We finally lined up for our swim start. I warmed up a little. Eh, I didn’t really warm up. I just get in the cold water (they said the temp was 63 degrees) and splash it on my face a bit, to get that shock over with. For some reason, I lined up right in the front. That’s me, on the far right in the grey-stomached wetsuit, next to the balloon archway. I like to swim on the edges, out of the thrash. Otherwise, I expend too much energy worrying about everyone else or getting kicked in the face. It worked out well for me. The girls in my wave really didn’t take off that quickly and I managed to stay in front through to the first buoy, and by that time, all the swimmers had spread out. My swim was average. I felt awful the first 5 minutes (as I always do) and then felt great the rest of the time. I didn’t push it that hard; I just wanted to remember how it felt to do an open water swim. My goal was to swim 1.2 miles in 30 minutes. I got out of the water in 30:16. Fine with me!
The bike ride went pretty well. The first 20 miles felt effortless – I was riding nearly 19 mph and my heartrate was too high, but it felt so good, I kept going at that rate. “Nasty Grade” starts at mile 41 and when that is over, you hit “Heartrate Hill.” But, other than those two climbs and some rollers, the ride is beautifully scenic and not devastatingly difficult. Some poor girl crashed on her bike right in front of me. She wasn’t paying attention and hit the curb with her pedal and went down pretty hard. She said she was fine. And she must have been, because during the run she passed me like I was tied to a tree. I was hoping to finish in 3 and a quarter hours and my time was 3:14. Fine with me!
Wildflower is infamous for being difficult. And really what’s difficult is the run. It is brutal. I’m not a strong runner. Heck, I barely enjoy running. But this was 13.1 miles of yuck. Hill after hill after hill. Dirt trails, which, when placed in a canyon are dusty and sweltering hot. The temperature was well above 80, but some of the canyons just store the heat better. I gave myself permission, before the race ever started, to walk the difficult hills. And I did. I don’t think I would have gained much against the effort spent running up the steep parts. I hit several “low points.” And Dave, still snapping photos, cheered me on in several locations. I went past the TRIbe Triathlon booth. Those guys were spectating, drinking beers and and cheered very loudly (bullhorn and everything). That silliness boosted my energy for a couple miles. The devil that came up with the run course had the brilliant idea to run down a road for an entire mile just to turn around at the bottom and run back up. That depressing segment started at mile 9.5. Anyway, it was all fine in the end. I was hoping to run about 2 hours and 10 minutes. I ran 2 hours and 20 minutes. That was fine with me.

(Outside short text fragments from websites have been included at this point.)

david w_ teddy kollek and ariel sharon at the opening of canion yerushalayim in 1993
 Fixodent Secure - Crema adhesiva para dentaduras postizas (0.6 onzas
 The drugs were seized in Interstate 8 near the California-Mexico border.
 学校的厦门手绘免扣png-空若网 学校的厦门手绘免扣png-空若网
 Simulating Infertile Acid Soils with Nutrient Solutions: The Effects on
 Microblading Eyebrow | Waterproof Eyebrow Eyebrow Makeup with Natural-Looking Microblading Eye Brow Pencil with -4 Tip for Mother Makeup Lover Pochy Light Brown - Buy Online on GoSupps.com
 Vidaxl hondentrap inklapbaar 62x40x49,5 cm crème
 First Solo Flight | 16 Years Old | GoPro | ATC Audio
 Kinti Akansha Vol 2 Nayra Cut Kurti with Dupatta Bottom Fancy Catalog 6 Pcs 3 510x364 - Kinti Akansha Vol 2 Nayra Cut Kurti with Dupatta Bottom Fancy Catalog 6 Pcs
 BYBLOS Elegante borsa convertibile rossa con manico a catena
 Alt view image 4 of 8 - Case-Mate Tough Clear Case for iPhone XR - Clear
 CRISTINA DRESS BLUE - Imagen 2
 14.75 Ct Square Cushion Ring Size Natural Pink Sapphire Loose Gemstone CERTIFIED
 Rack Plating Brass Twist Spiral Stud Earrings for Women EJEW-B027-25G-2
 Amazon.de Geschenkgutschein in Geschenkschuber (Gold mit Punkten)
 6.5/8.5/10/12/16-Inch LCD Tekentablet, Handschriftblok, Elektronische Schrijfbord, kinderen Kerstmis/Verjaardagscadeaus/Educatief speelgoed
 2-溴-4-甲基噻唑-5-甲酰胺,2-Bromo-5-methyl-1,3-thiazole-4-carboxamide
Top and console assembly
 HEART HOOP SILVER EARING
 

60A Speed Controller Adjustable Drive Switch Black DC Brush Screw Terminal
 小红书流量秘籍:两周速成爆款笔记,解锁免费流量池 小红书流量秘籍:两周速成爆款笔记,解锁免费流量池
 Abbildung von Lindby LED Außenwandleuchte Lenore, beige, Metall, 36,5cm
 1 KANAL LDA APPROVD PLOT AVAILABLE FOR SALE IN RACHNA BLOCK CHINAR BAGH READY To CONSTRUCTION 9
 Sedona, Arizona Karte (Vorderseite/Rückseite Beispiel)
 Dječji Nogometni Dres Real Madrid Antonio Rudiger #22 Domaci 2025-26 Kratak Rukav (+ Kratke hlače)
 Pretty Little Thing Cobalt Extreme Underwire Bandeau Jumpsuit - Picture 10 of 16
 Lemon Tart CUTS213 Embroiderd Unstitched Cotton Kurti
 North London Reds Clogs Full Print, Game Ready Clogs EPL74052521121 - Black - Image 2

After the race was over, we drove to Paso Robles. My parents were kind enough to babysit Kevin on Friday afternoon through the race. Then they drove down to Paso Robles to meet us Saturday night. We stayed at a friend’s cottage called “Under the Oaks.” We had a great pasta dinner, a fancy brunch at Panolivo, and then drove home.
I’m tired, and sore, and happy I conquered my demon. I really didn’t care much how I placed, but I’ll admit I looked. I was 15th in my age group, out of 70 something. Again, fine with me!